(WHAT YOU ARE ASKED TO DO):
Look through the data below for the line with "Mitigeur bain douche", and transcribe it exactly together with each line after it up to and including the line with "Масло моторное LEXUS". Give nothing else.

#### RECORDS FOR THIS EXERCISE ####

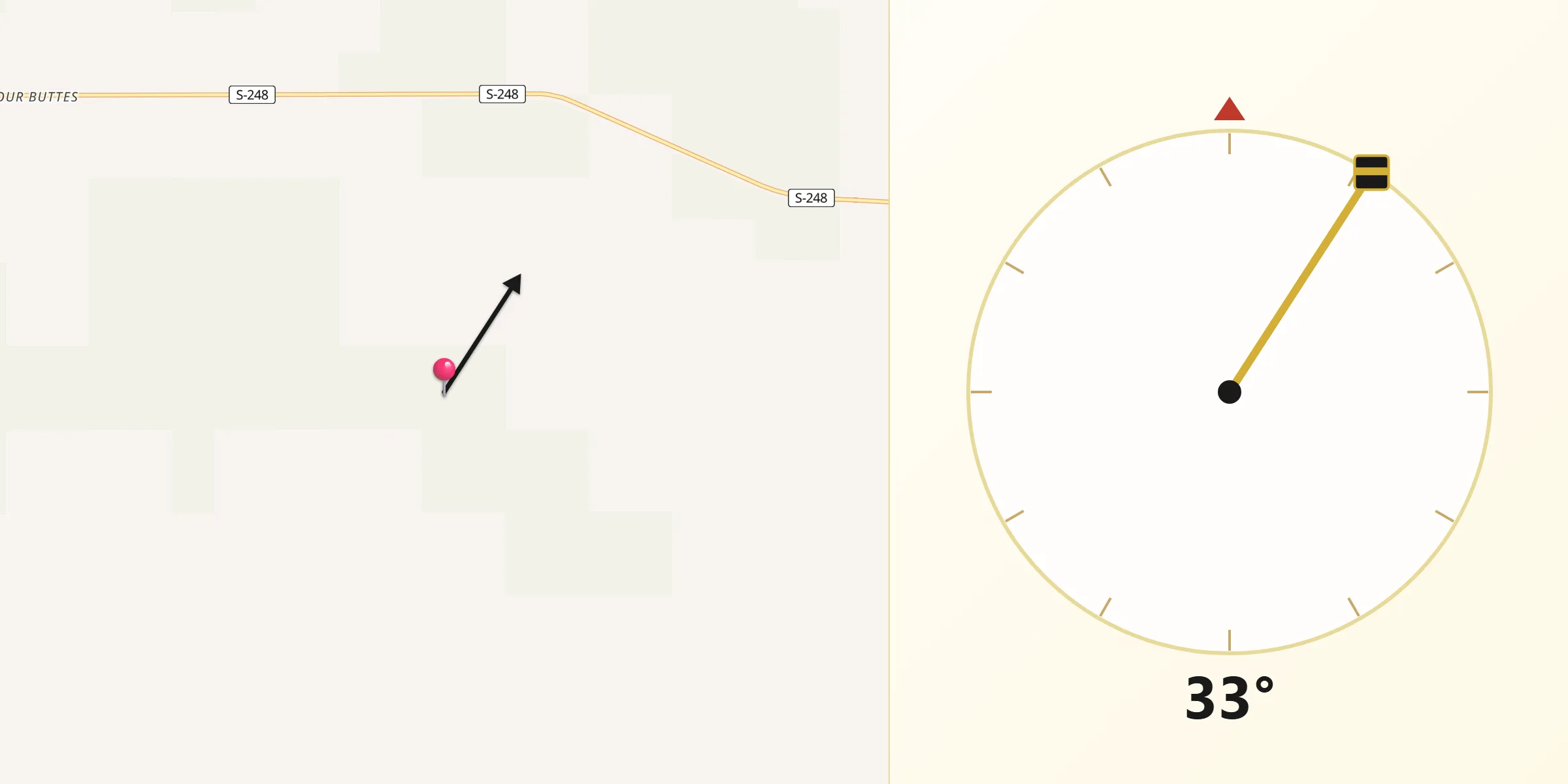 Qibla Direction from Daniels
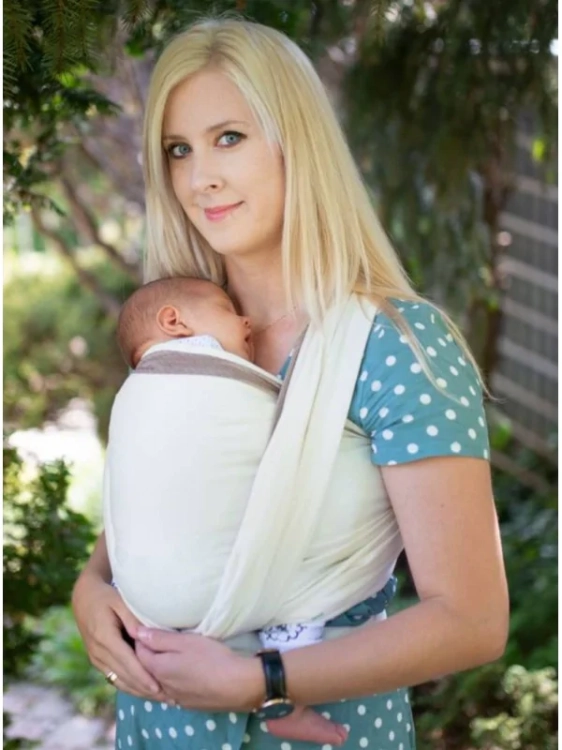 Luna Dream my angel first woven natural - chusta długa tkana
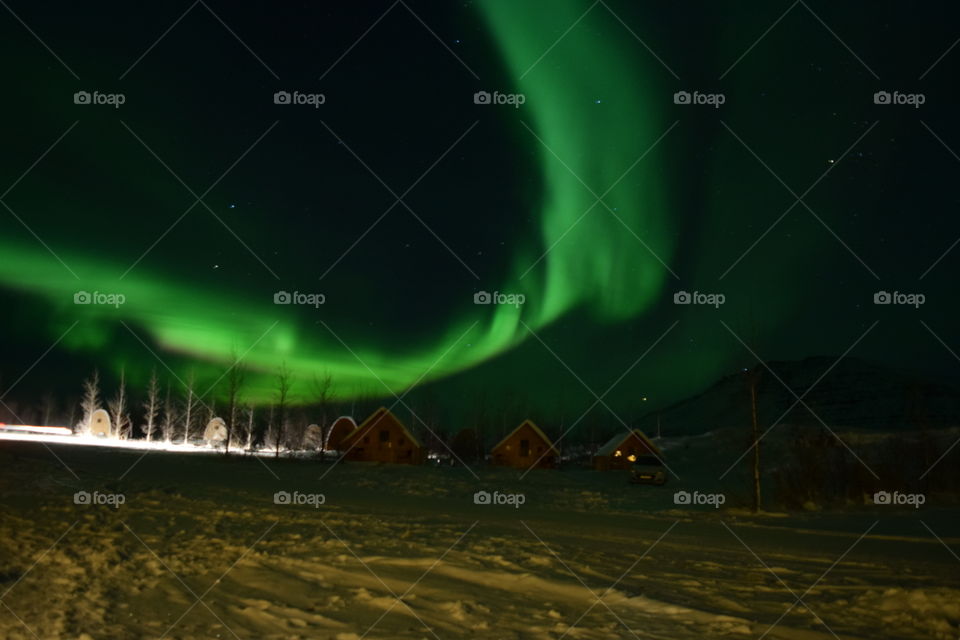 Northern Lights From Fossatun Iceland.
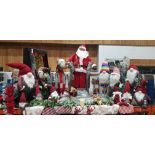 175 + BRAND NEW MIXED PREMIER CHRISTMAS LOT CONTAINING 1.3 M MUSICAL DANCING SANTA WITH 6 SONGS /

####
#### RECORDS FOR THIS EXERCISE ####

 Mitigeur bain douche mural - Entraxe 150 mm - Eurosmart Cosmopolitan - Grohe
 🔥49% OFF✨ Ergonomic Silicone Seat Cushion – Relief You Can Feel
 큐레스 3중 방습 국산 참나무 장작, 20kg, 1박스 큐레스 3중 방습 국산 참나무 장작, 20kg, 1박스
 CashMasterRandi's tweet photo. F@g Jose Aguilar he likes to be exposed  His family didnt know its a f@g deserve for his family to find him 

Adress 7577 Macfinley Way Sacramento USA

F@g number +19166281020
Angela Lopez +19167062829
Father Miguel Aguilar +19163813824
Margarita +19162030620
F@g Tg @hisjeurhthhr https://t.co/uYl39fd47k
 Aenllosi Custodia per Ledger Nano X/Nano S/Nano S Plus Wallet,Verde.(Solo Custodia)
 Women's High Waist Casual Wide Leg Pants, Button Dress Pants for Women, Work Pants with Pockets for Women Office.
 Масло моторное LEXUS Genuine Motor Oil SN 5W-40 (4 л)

####
#### RECORDS FOR THIS EXERCISE ####

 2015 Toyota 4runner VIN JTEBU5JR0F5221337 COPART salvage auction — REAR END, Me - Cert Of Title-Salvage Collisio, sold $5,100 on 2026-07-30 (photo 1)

####

(TASK RESPONSE):
 Mitigeur bain douche mural - Entraxe 150 mm - Eurosmart Cosmopolitan - Grohe
 🔥49% OFF✨ Ergonomic Silicone Seat Cushion – Relief You Can Feel
 큐레스 3중 방습 국산 참나무 장작, 20kg, 1박스 큐레스 3중 방습 국산 참나무 장작, 20kg, 1박스
 CashMasterRandi's tweet photo. F@g Jose Aguilar he likes to be exposed  His family didnt know its a f@g deserve for his family to find him 

Adress 7577 Macfinley Way Sacramento USA

F@g number +19166281020
Angela Lopez +19167062829
Father Miguel Aguilar +19163813824
Margarita +19162030620
F@g Tg @hisjeurhthhr https://t.co/uYl39fd47k
 Aenllosi Custodia per Ledger Nano X/Nano S/Nano S Plus Wallet,Verde.(Solo Custodia)
 Women's High Waist Casual Wide Leg Pants, Button Dress Pants for Women, Work Pants with Pockets for Women Office.
 Масло моторное LEXUS Genuine Motor Oil SN 5W-40 (4 л)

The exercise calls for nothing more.